At 41, Rose Totino traveled two hours north of Rome for her first visit to Scopoli — the Italian birthplace of her late mother, Armeta.
It was 1956, and the pizza joint she ran with her husband in northeast Minneapolis was in its fifth year. Two decades later, she would sell her business for more than $20 million to Pillsbury, becoming that corporation's first female vice president and making Totino's the dominant brand in frozen pizza snacks from the 1970s until today.
But in Italy in 1956, Rose Totino saw women washing clothes in a stream — just as her mother did 50 years earlier. Some homes still lacked electricity and some residents had never seen an automobile like the Fiat the Totinos had rented.
"It was so primitive," said her daughter Joanne Elwell, 80, who was 18 and celebrating her high school graduation on that trip to Italy. "She was just thrilled to find her mother's house and the window she sneaked out of to visit Grandpa."

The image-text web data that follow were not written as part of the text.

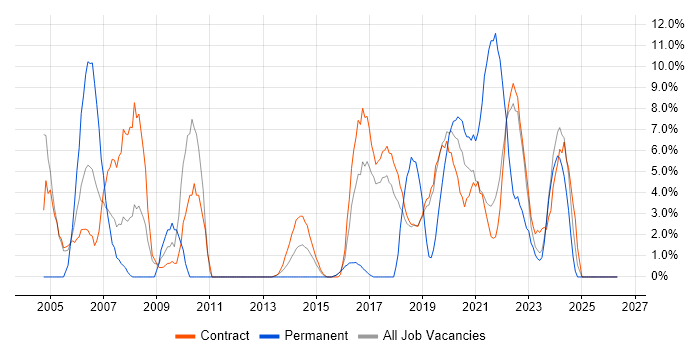 Change Management job vacancy trend in Southend-on-Sea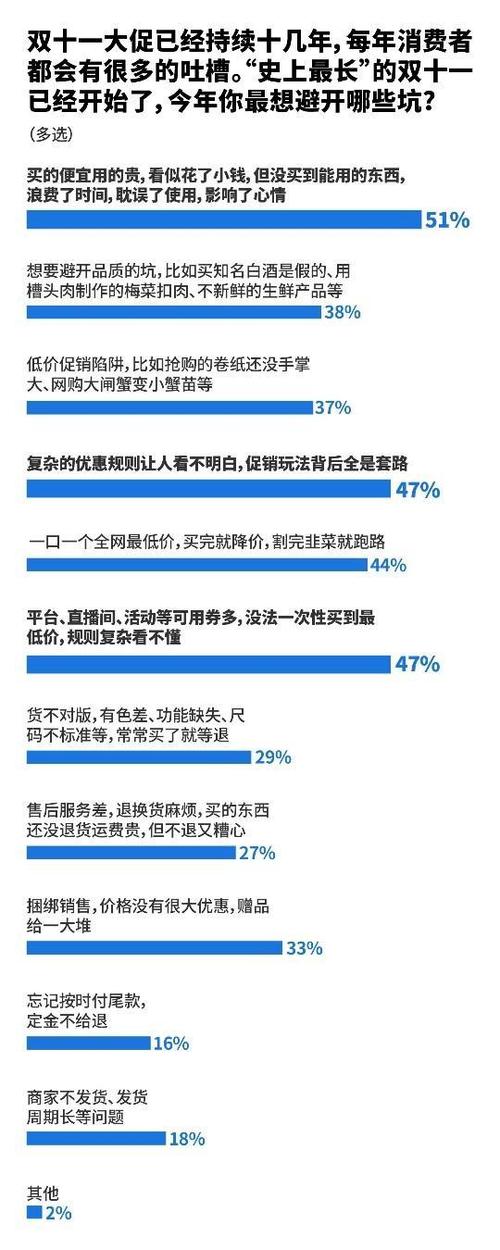 购物车程序,技术革新下的消费体验革命 神马SEO 购物车程序,技术革新下的消费体验革命 购物车程序,技术革新下的消费体验革命 神马SEO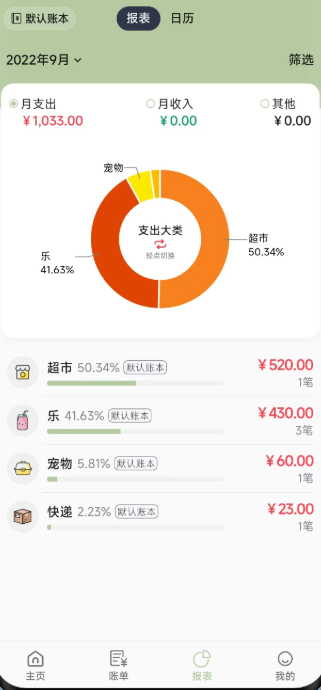 小青账记账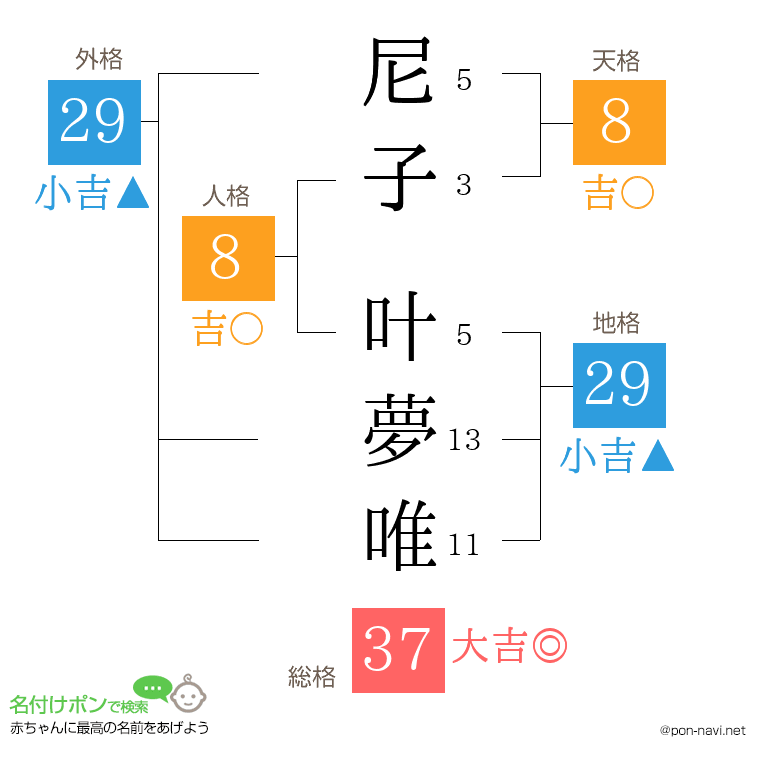 尼子 叶夢唯さんの姓名判断結果
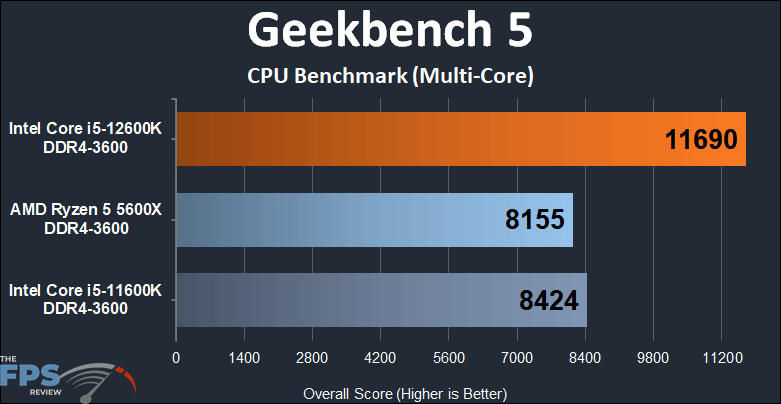 Intel Core i5-12600K DDR4 Alder Lake Geekbench 5 multi-core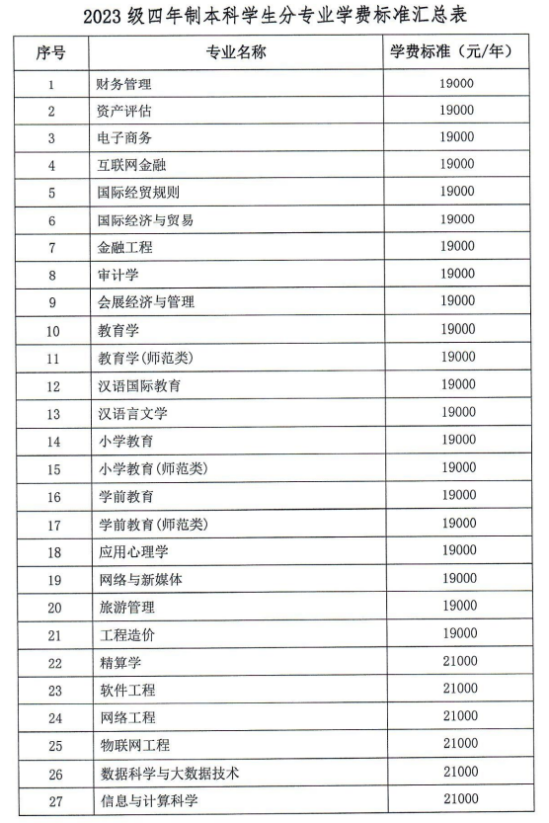 2023河北外國語學(xué)院藝術(shù)類學(xué)費多少錢一年-各專業(yè)收費標準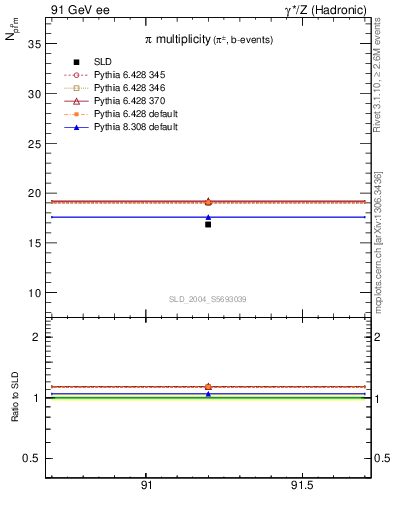 Plot of npi in 91 GeV ee collisions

Armeta and Peter Cruciani married and emigrated from that Italian village in 1910. Peter worked the mines in Pennsylvania before the couple moved to Minneapolis where Armeta's sister lived. The fourth of seven children, Rosenella Winifred "Rose" Cruciani was born in Minneapolis on Jan. 16, 1915. She grew up in Depression poverty, often lingering on the playground after recess to suck orange peels other kids discarded. Her one orange a year came on Christmas Eve.
Rose dropped out of Edison High School at 16, earning $2.50 a week doing housework and helping with the pigs, chickens and cows her folks kept in a northeast Minneapolis barn. At 19, she married Jim Totino, who'd dropped out of school in ninth grade to work as a baker.
"Even though she was cleaning houses, she was always there when I came home from school for lunch," Elwell said.
A 4-foot-11 dynamo, Rose learned about pizza from her dad's relatives in Pennsylvania and started serving it to friends after school and at church meetings.